YOUR GOAL >>
Reproduce the data, keeping every word exactly as it is.
========================================================================
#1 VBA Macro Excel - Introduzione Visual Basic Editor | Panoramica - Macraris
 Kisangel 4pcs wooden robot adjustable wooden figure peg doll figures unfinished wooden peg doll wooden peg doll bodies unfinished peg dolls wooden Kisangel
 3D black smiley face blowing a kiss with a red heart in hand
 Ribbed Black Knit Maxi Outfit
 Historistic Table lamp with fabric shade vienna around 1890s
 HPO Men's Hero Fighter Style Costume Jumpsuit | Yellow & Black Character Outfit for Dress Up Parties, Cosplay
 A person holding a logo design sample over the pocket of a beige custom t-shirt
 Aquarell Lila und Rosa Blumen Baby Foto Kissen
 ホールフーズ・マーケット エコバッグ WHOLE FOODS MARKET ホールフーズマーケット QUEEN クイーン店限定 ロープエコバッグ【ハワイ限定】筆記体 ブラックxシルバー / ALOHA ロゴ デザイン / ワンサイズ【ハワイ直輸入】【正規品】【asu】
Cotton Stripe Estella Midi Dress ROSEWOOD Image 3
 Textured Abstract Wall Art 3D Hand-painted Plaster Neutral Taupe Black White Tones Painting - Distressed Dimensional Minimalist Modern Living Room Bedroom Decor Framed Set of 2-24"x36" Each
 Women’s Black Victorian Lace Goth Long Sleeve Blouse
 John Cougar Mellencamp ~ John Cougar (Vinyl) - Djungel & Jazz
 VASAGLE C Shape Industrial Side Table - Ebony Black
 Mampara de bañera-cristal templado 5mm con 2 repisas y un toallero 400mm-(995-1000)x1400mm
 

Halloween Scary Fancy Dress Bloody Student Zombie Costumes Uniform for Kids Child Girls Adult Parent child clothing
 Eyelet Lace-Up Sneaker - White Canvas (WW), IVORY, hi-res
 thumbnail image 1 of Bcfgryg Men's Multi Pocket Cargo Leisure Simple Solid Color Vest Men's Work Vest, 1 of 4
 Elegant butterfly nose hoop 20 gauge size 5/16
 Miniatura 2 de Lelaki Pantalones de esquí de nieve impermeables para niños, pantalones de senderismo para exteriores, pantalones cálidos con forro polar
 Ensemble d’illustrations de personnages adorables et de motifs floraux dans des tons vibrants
========================================================================
RESPONSE TO THIS EXERCISE >>
#1 VBA Macro Excel - Introduzione Visual Basic Editor | Panoramica - Macraris
 Kisangel 4pcs wooden robot adjustable wooden figure peg doll figures unfinished wooden peg doll wooden peg doll bodies unfinished peg dolls wooden Kisangel
 3D black smiley face blowing a kiss with a red heart in hand
 Ribbed Black Knit Maxi Outfit
 Historistic Table lamp with fabric shade vienna around 1890s
 HPO Men's Hero Fighter Style Costume Jumpsuit | Yellow & Black Character Outfit for Dress Up Parties, Cosplay
 A person holding a logo design sample over the pocket of a beige custom t-shirt
 Aquarell Lila und Rosa Blumen Baby Foto Kissen
 ホールフーズ・マーケット エコバッグ WHOLE FOODS MARKET ホールフーズマーケット QUEEN クイーン店限定 ロープエコバッグ【ハワイ限定】筆記体 ブラックxシルバー / ALOHA ロゴ デザイン / ワンサイズ【ハワイ直輸入】【正規品】【asu】
Cotton Stripe Estella Midi Dress ROSEWOOD Image 3
 Textured Abstract Wall Art 3D Hand-painted Plaster Neutral Taupe Black White Tones Painting - Distressed Dimensional Minimalist Modern Living Room Bedroom Decor Framed Set of 2-24"x36" Each
 Women’s Black Victorian Lace Goth Long Sleeve Blouse
 John Cougar Mellencamp ~ John Cougar (Vinyl) - Djungel & Jazz
 VASAGLE C Shape Industrial Side Table - Ebony Black
 Mampara de bañera-cristal templado 5mm con 2 repisas y un toallero 400mm-(995-1000)x1400mm
 

Halloween Scary Fancy Dress Bloody Student Zombie Costumes Uniform for Kids Child Girls Adult Parent child clothing
 Eyelet Lace-Up Sneaker - White Canvas (WW), IVORY, hi-res
 thumbnail image 1 of Bcfgryg Men's Multi Pocket Cargo Leisure Simple Solid Color Vest Men's Work Vest, 1 of 4
 Elegant butterfly nose hoop 20 gauge size 5/16
 Miniatura 2 de Lelaki Pantalones de esquí de nieve impermeables para niños, pantalones de senderismo para exteriores, pantalones cálidos con forro polar
 Ensemble d’illustrations de personnages adorables et de motifs floraux dans des tons vibrants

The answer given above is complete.